— THE PROBLEM —
Copy every line of the data exactly, keeping out any picture.

(Stored data)
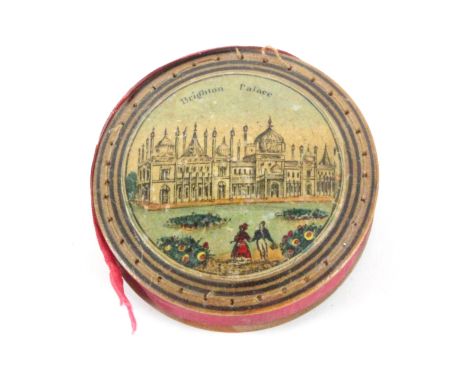 An early Tunbridge ware print and paint decorated disc form pin cushion, each domed side with titled colour print 'Brighton P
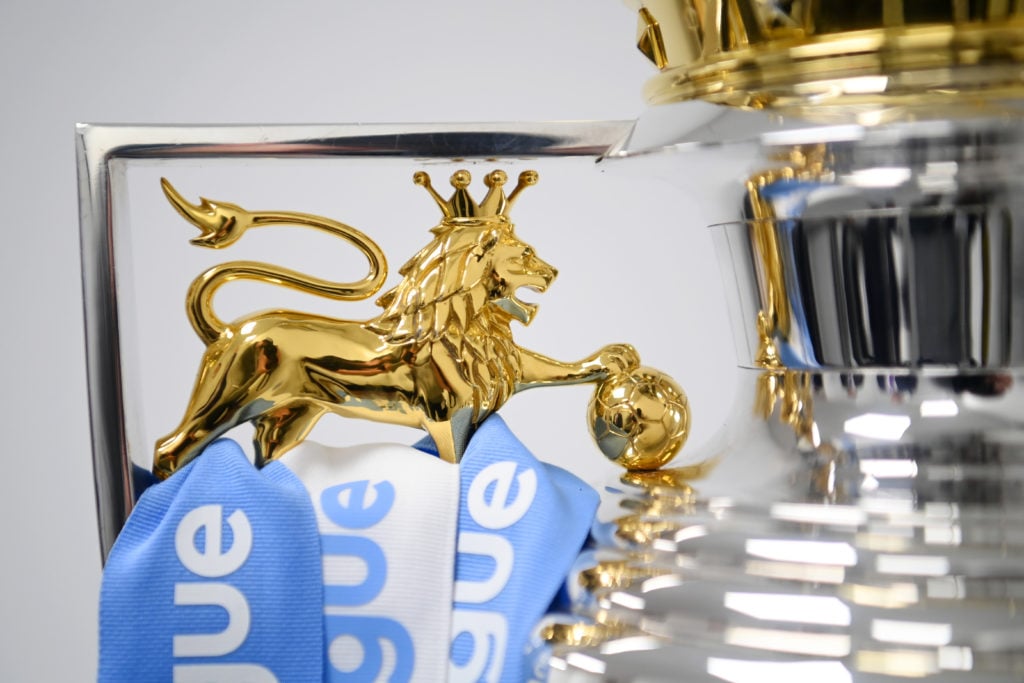 Ribbons in the colours of Manchester City are placed onto the Premier League trophy after their side finished the 2021/2022 season as champions aft...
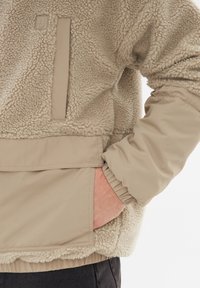 Beige fleecejakke med struktureret finish, der har en frontlomme og elastiske manchetter. Glat stof ved kanten og detaljering på brystet.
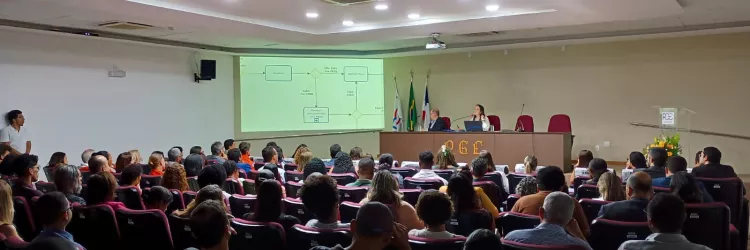 Visão geral de um auditório com uma plateia sentada em poltronas vermelhas escuras, voltada para um palco. A sala é iluminada e tem um teto rebaixado.  No palco, uma mesa escura com duas pessoas, com um pódio de acrílico à direita. Atrás delas, três bandeiras e uma tela de projeção exibem um fluxograma simples e claro. A plateia é diversificada e preenche o auditório.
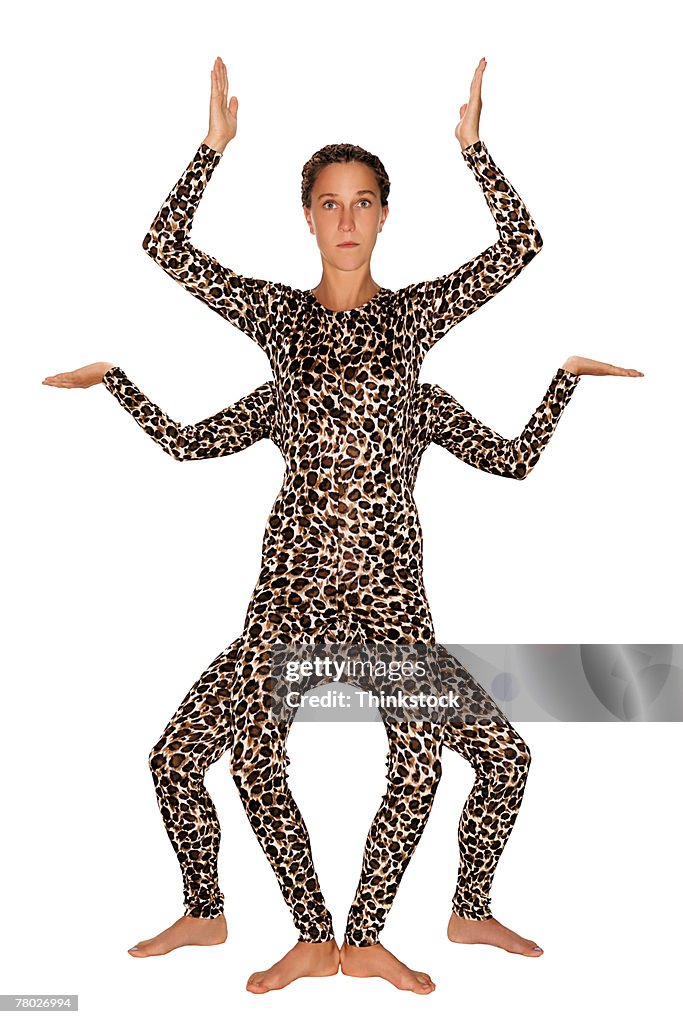 Two Women In Matching Leopard Print Outfits Create An Optical Illusion Of  One Person With Four Arms And Four Legs High-Res Stock Photo - Getty Images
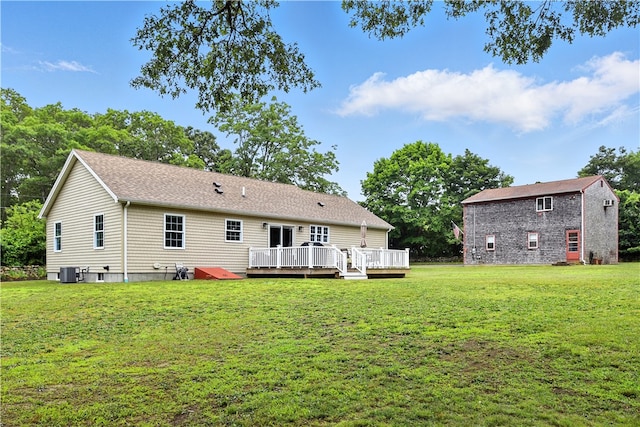 107 Pottersville Rd, Little Compton, RI 02837 - rear view of property with a wooden deck and a lawn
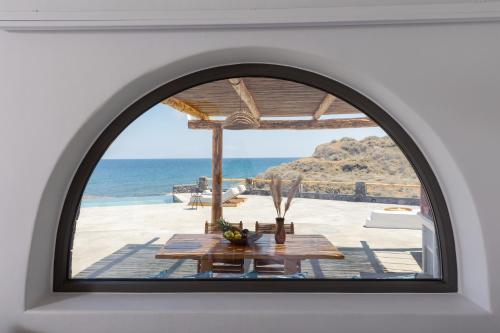an arched window with a table and the view of the ocean at Casa di Mare Luxury Villas in Imerovigli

— YOUR RESPONSE —
 An early Tunbridge ware print and paint decorated disc form pin cushion, each domed side with titled colour print 'Brighton P
 Ribbons in the colours of Manchester City are placed onto the Premier League trophy after their side finished the 2021/2022 season as champions aft...
 Beige fleecejakke med struktureret finish, der har en frontlomme og elastiske manchetter. Glat stof ved kanten og detaljering på brystet.
 Visão geral de um auditório com uma plateia sentada em poltronas vermelhas escuras, voltada para um palco. A sala é iluminada e tem um teto rebaixado.  No palco, uma mesa escura com duas pessoas, com um pódio de acrílico à direita. Atrás delas, três bandeiras e uma tela de projeção exibem um fluxograma simples e claro. A plateia é diversificada e preenche o auditório.
 Two Women In Matching Leopard Print Outfits Create An Optical Illusion Of  One Person With Four Arms And Four Legs High-Res Stock Photo - Getty Images
 107 Pottersville Rd, Little Compton, RI 02837 - rear view of property with a wooden deck and a lawn
an arched window with a table and the view of the ocean at Casa di Mare Luxury Villas in Imerovigli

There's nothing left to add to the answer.